Face it, although February is technically the shortest month, it sure feels like the longest when you're inside staring at a dull, lifeless landscape.
Many people know you can force tulips and daffodils to grow indoors, but did you know you can bring branches in from outside for a dazzling spring display in February? Because many ornamental trees and shrubs set their buds during the previous growing season, they need about six weeks of dormancy before the buds will come back out. Here in zone 5, many of the branches you can bring inside will have met that dormant period.
Which plants will work?
And experiment! Sometimes a tree or shrub will surprise you.
1. Choose branches that are pencil thick or smaller. This is a good time to prune many shrubs, so step back and look at the overall shape. Choose branches that are criss-crossed or too long, to correctly prune outdoors while you bring beauty indoors.
2. Make a clean cut and bring the group of branches indoors. To maximize water absorption, re-cut branches in a sink or bucket full of hot water (hot water has the least amount of oxygen, which prevents water from entering the stems).
3. There are several ways to handle the branches.
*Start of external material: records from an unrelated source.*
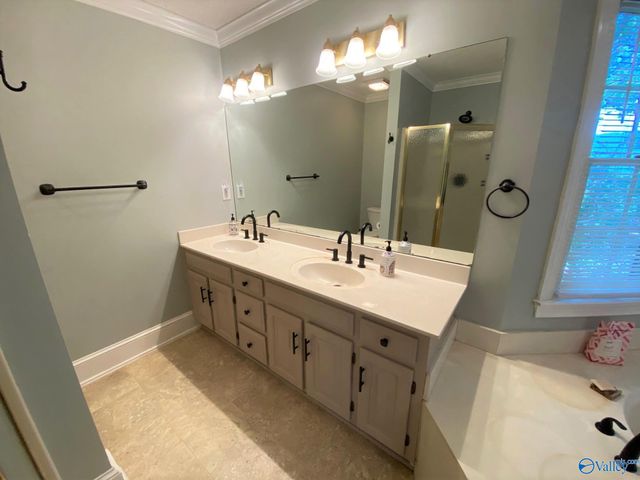 10103 Shadow Wood Drive, Huntsville, AL 35803
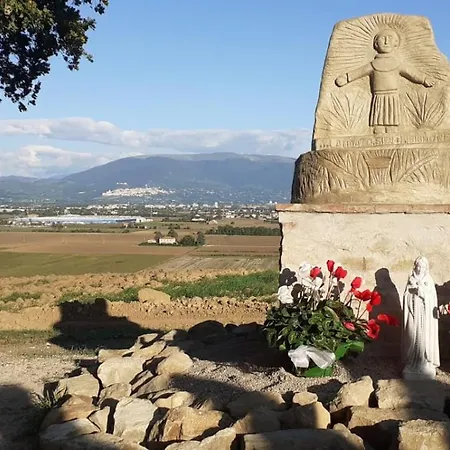 Casale In Collina Vista Assisi,brufa Di Torgiano * Brufa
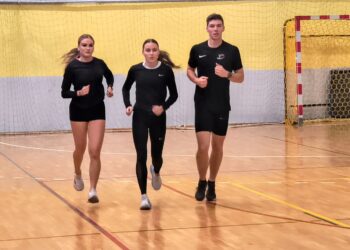 Trójskoczkini nową nadzieją ALKS AJP 12 Wiktoria Knutowicz (pierwsza z lewej) trenuje już z grupą Tomasza Saski, wraz z m.in. sprinterką Amelią Łukaszewicz i płotkarzem Jędrzejem Radzewiczem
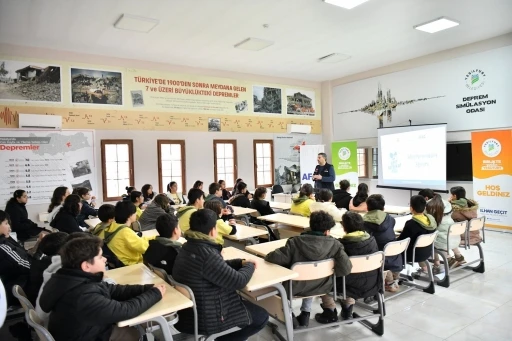 Yeşilyurt&rsquo;ta &ouml;ğrencilere depreme karşı hayat kurtaran eğitim
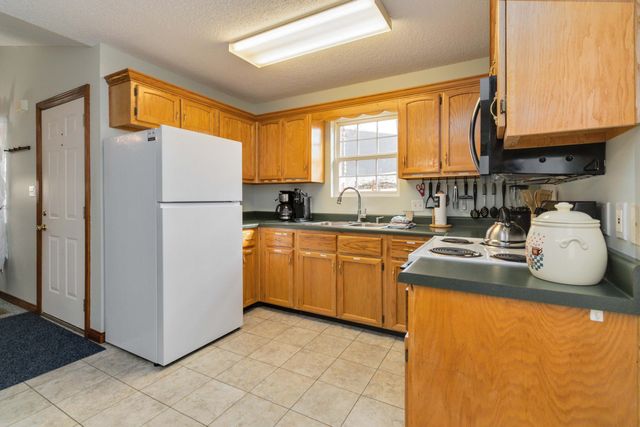 607 Enchanted Forest Way, Burnside, KY 42519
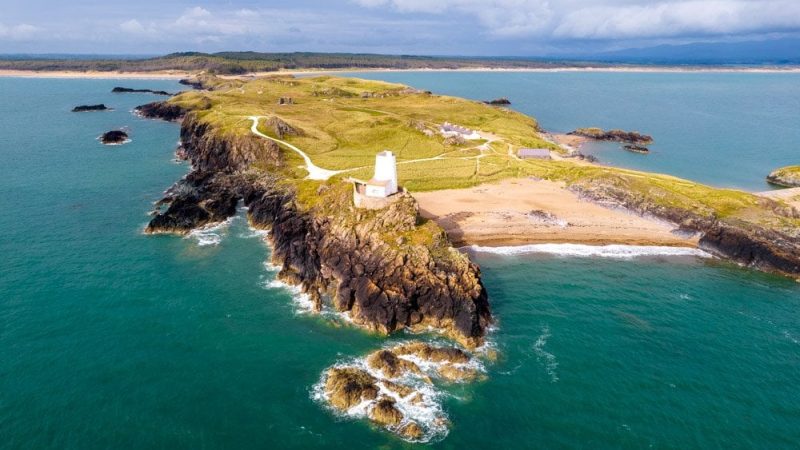 Ynys Llanddwyn Lighthouse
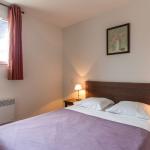 Slide Double bedroom in the Le Domaine de Cazelles *** residence in Cajarc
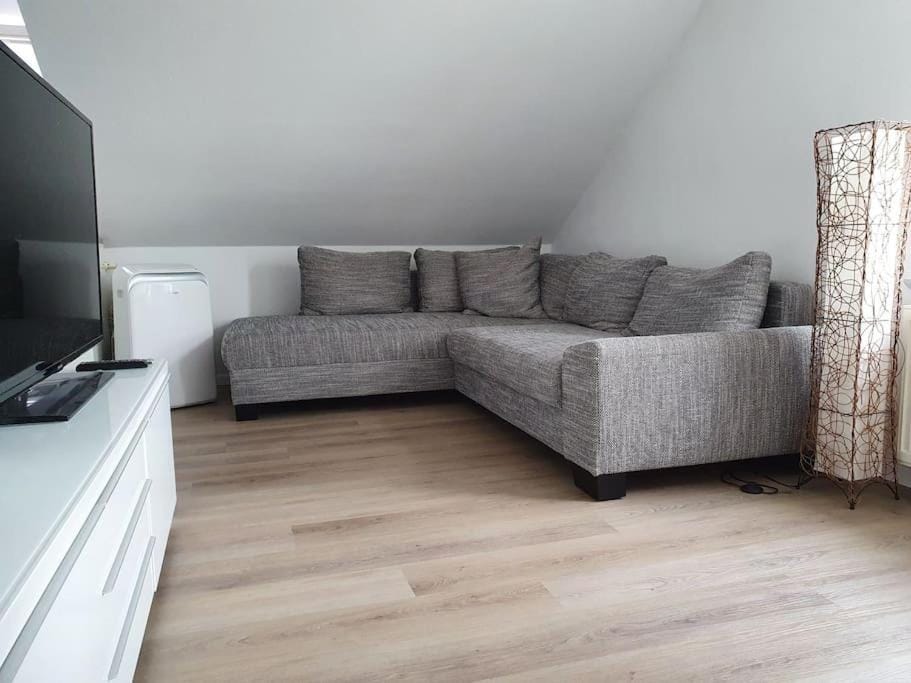 TV and multimedia, Living room, Seating area, Evening entertainment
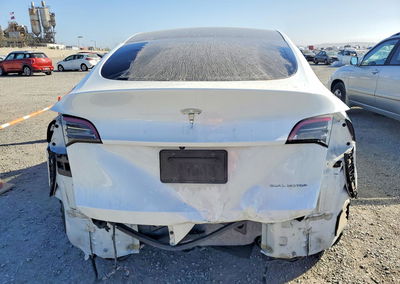 2022 Tesla Model Y, daño Trasero, Copart lote 68538736, foto 6 de 13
You can arrange them in a vase to watch the bud-swelling process over the next few weeks, or you can keep the branches in water in a cool dark place, and bring them out when the first buds begin to swell. Either way, be sure to change the water every few days, and keep the branches out of direct sunlight and away from a heat source. (A floral preservative or homemade preservative of 1 tbsp. lemon lime soda to one quart water will slow bacterial growth).
4. Some of the branches will even reward you with roots, so you can re-plant outside when the weather warms up!
This is an easy and inexpensive way to bring some spring into your home, right at the point when we all need it the very most.